= Lego Wars =

Photograph series using Star Wars and fashion trademarks

Lego Wars is a photography series by the American photographer Dale May, begun in 2011. It consists of macro studio photographs of Star Wars–themed Lego minifigures, presented at large scale and, in several works, juxtaposed with luxury fashion branding. It was the subject of an exhibition at the Samuel Owen Gallery in Greenwich, Connecticut, in 2011 and 2012, and appeared in magazines including People, Marie Claire, and Glamour.

==Concept and technique==
For the series, May photographed small plastic Star Wars Lego figures using macro photography, lighting and composing them to emphasize detail and to give them what one writer described as a heroic, larger-than-life presence. May has said the work was intended to return the figures to the "epic importance" they held for him in childhood, while retaining their quality as toys.

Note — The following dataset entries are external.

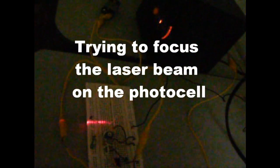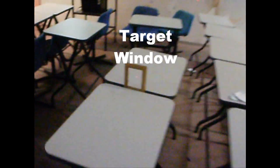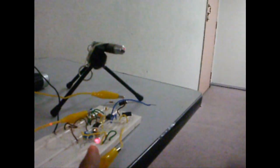First of all, we check the laser beam and the photo center. This is the laser pointer that we are going to use in order to transmit speech from this point to the receiver — to the speakers. This is the receiver point. We see the photo cell; the laser is directed to the photo cell.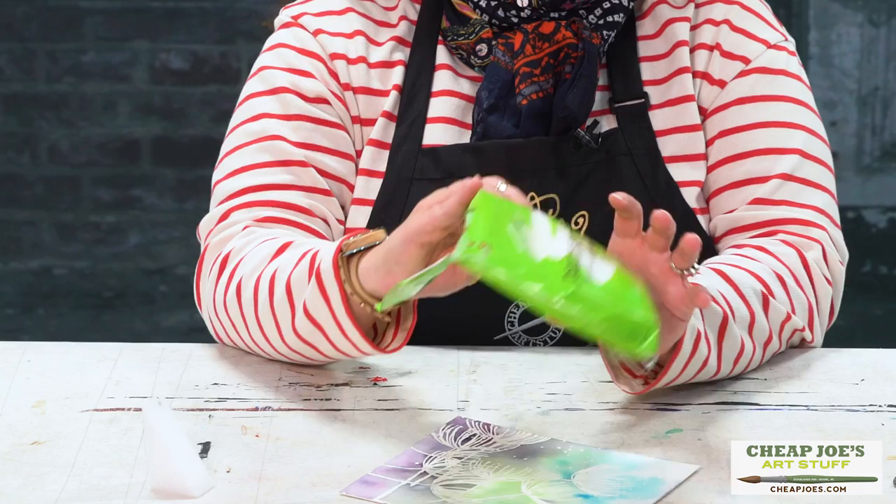Hello and welcome to Cheap Joe's Art Stuff. My name is Julie and I'm here to impart some knowledge to you today via a two-minute art tip. Today's little wonder that we're going to show you is the Cheap Joe's Art Stuff Paint Erase Rejuvenating Sponges.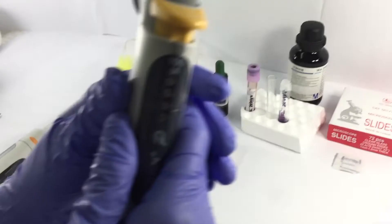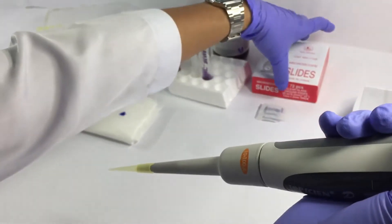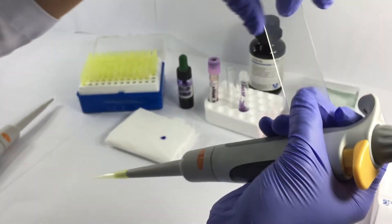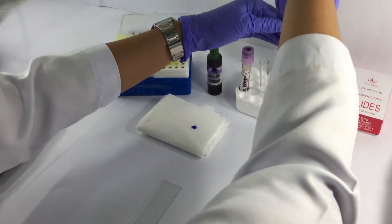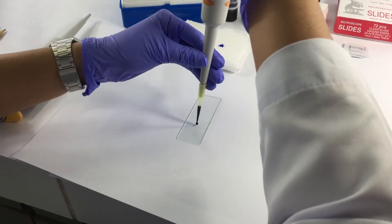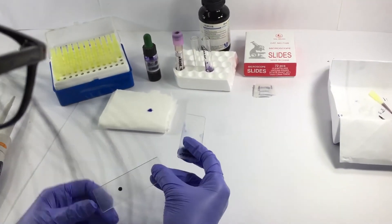Right after incubating the sample at room temperature, get your micropipet and set the calibration to 50 microliters. Attach the pipet tip into the micropipet and prepare a clean slide. Next, aspirate the mixture of the stain and the blood sample, place a drop of the mixture on the slide, and perform a wedge smear.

The prints are produced as large chromogenic prints, face-mounted to archival acrylic and backed with aluminum, a presentation chosen to give the works a high-gloss surface resembling the plastic of the original toys. Individual works were issued in multiple sizes, the largest measuring 48×48 in (122×122 cm) Some figures based on the Star Wars droid C-3PO were also produced as translucent prints mounted in LED light panels.

==Fashion works==
Several images in the series pair Lego figures with the branding of luxury fashion houses. Coco Vader presents a Darth Vader figure in the style of Chanel, V3PO renders a gold C-3PO figure in a Louis Vuitton monogram pattern, and Chewy Burch references the designer Tory Burch. Other works in the series use the colour associated with the jeweller Tiffany & Co. Writers noted May's attention to detail, including his alteration of logos within the images to incorporate an "LW" monogram for Lego Wars.

==Exhibition==
Lego Wars was the subject of a solo exhibition at the Samuel Owen Gallery in Greenwich, Connecticut from December 15, 2011 to January 19, 2012. The opening was scheduled early in the evening so that children could attend with their parents, and a costumed figure was present at the reception. The Samuel Owen Gallery represents May.

==Reception==
The series appeared in the national and design press, including People, Marie Claire, and Glamour. The reviewer for the design blog If It's Hip, It's Here gave a mixed assessment of May's broader photography but praised the Lego Wars works specifically, writing that the style "works" for the series and that the images showed "an eye for composition" not as evident in his other work. Coverage frequently emphasized the series' combination of nostalgia, pop culture, and commercial branding.